### What is expected
Using the records below, output the stretch that opens with the line containing "Björn horgby" and closes with the line containing "B&B La Veduta", exactly and including both lines, with nothing more.

### Source data
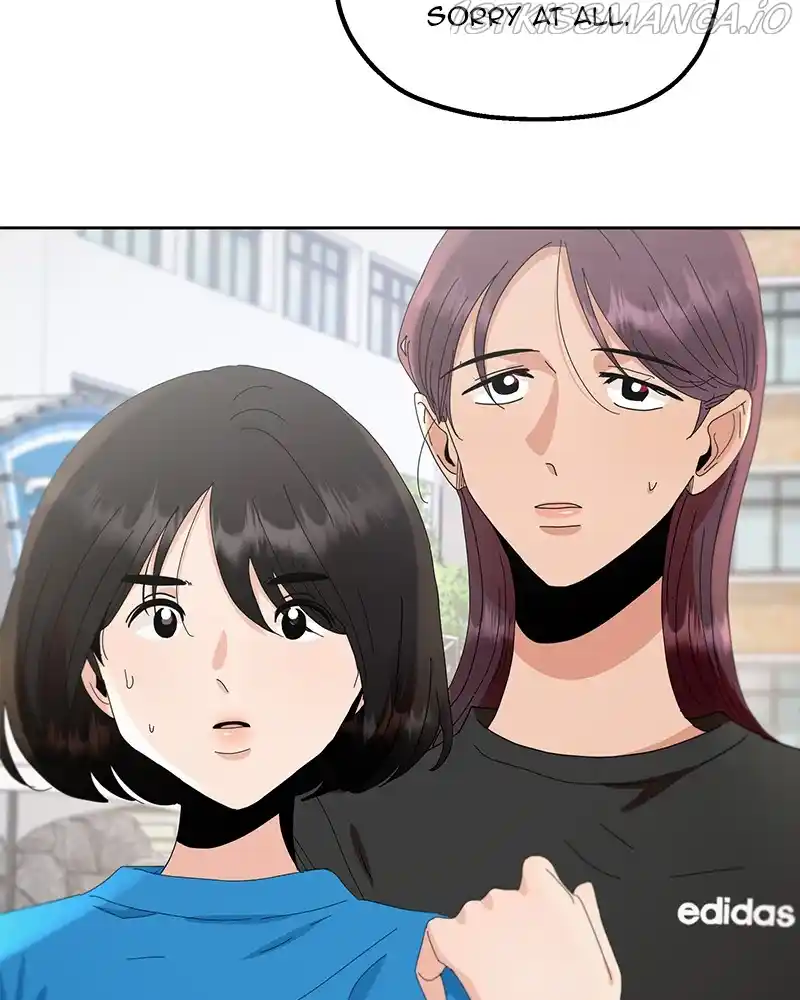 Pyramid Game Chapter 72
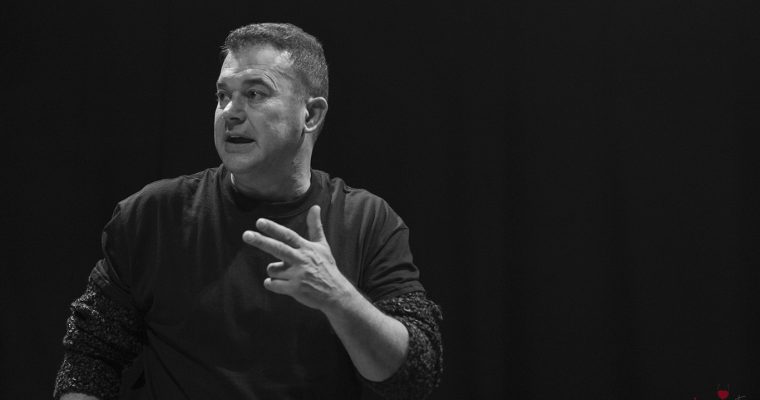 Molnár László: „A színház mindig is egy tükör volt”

==

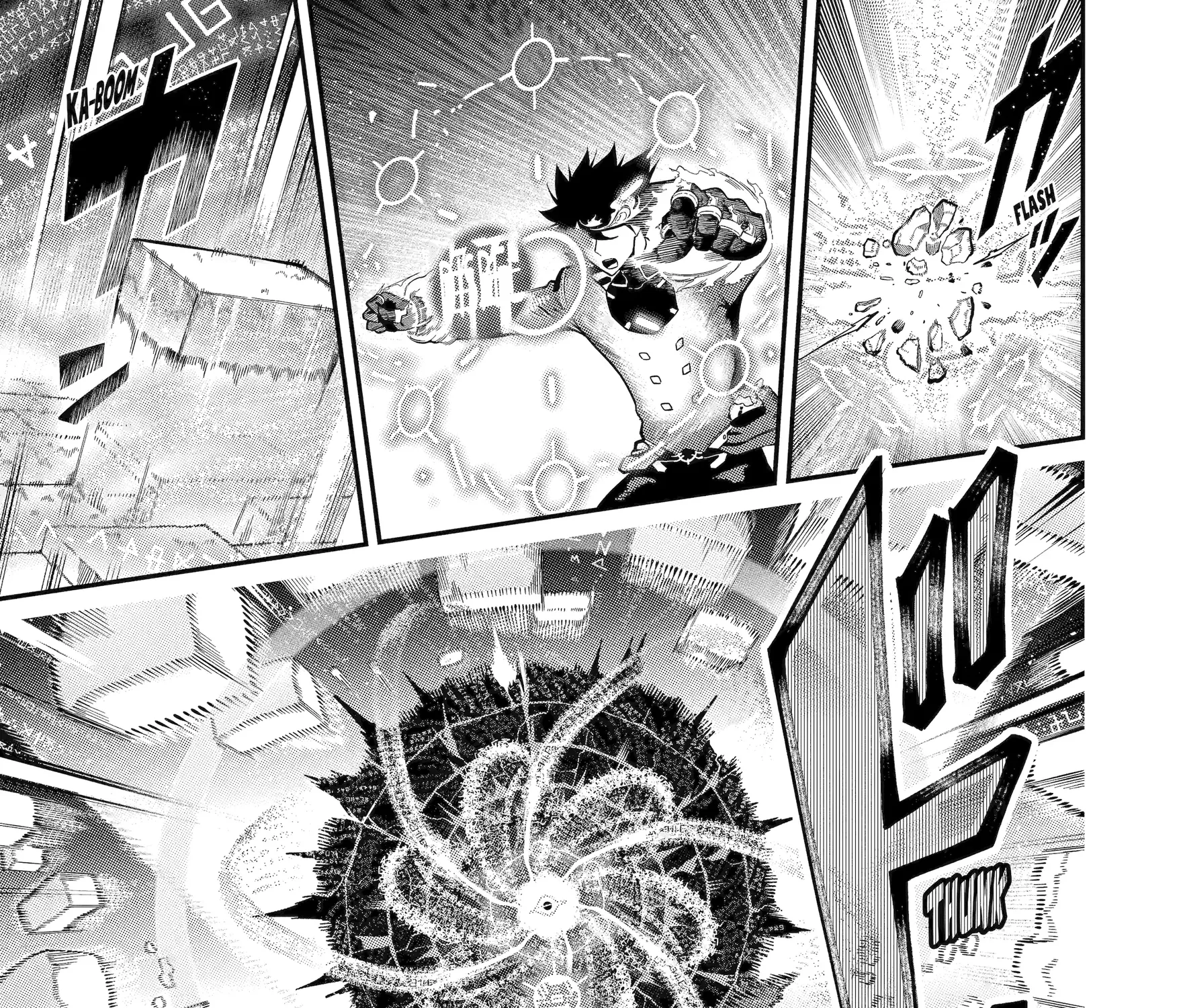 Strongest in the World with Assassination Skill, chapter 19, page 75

==

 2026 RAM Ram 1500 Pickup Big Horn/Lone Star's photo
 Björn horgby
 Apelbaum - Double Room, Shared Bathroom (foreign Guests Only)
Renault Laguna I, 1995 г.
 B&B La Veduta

### Output
 Björn horgby
 Apelbaum - Double Room, Shared Bathroom (foreign Guests Only)
Renault Laguna I, 1995 г.
 B&B La Veduta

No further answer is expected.